Pharma-based Hormone Replacement Therapy (HRT) is the most popular treatment for the relief of post-menopausal symptoms such as hot flushes, rashes and mood swings. Studies estimate these symptoms affect about 70 per cent of menopausal women in both America and Europe representing about 51m and 121m women respectively. Science Herbal alternatives to HRT have grown in popularity but lack scientific backing, Narbon said.


"Even other hop extracts on the market do not have the clinical backing we have put together for Lifenol, particularly in relation to hot flushes," she said.

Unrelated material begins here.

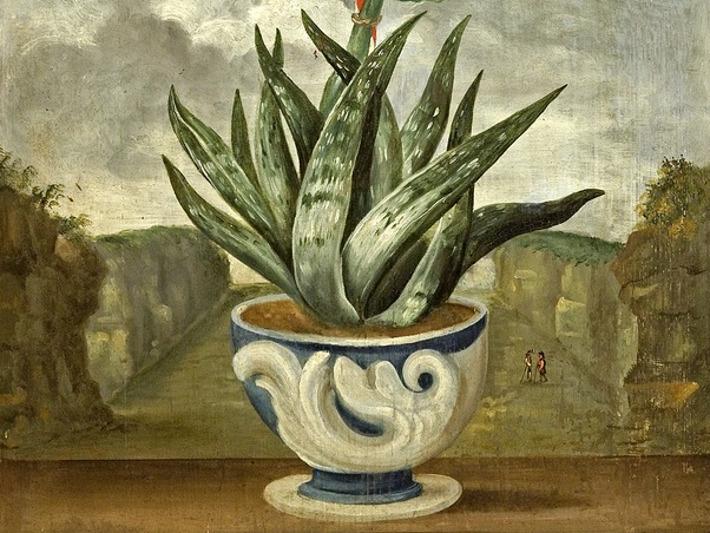 Foto: Landesmedienzentrum Baden-Württemberg, Arnim Weischer Schloss und Schlossgarten Weikersheim, Aloe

It said consuming 120mg per day of Lifenol had been proven to ease hot flushes. "Following the debate initially on HRT, and then certain plant alternatives, it seems fundamental to bring a safe option to menopausal women, representing today a huge albeit confused market," the company said. Naturex's patented process revolved around a unique phytoestrogen composition that included 8-prenylnaringenin (8-PN), one of the most active phytoestrogens.


This composition, now known as Lifenol, had been employed in two double blind, placebo-controlled clinical trials. One concluded Lifenol reduced by double general menopausal symptoms compared to a placebo and was four times more effective than placebo in reducing hot flushes. The other study found similar results. Questionnaires of post-menopausal women found "a strong tendency to the reduction of the total menopause discomforts".


A sophisticated marketing campaign would back the ingredient including a dedicated website devoted to Lifenol. Consumer advertising that may include taking space in women's magazines and other targeted media may follow. The ingredient is targeting the European food supplements market and Narbon said negotiations indicated a product would be on-market by the end of the year. North America and the Asia Pacific would follow.


Naturex's Actifs Innovants division was purchased from fellow French supplier Berkem for €9.5m in January this year and Lifenol is its first major activity within the division since the acquisition.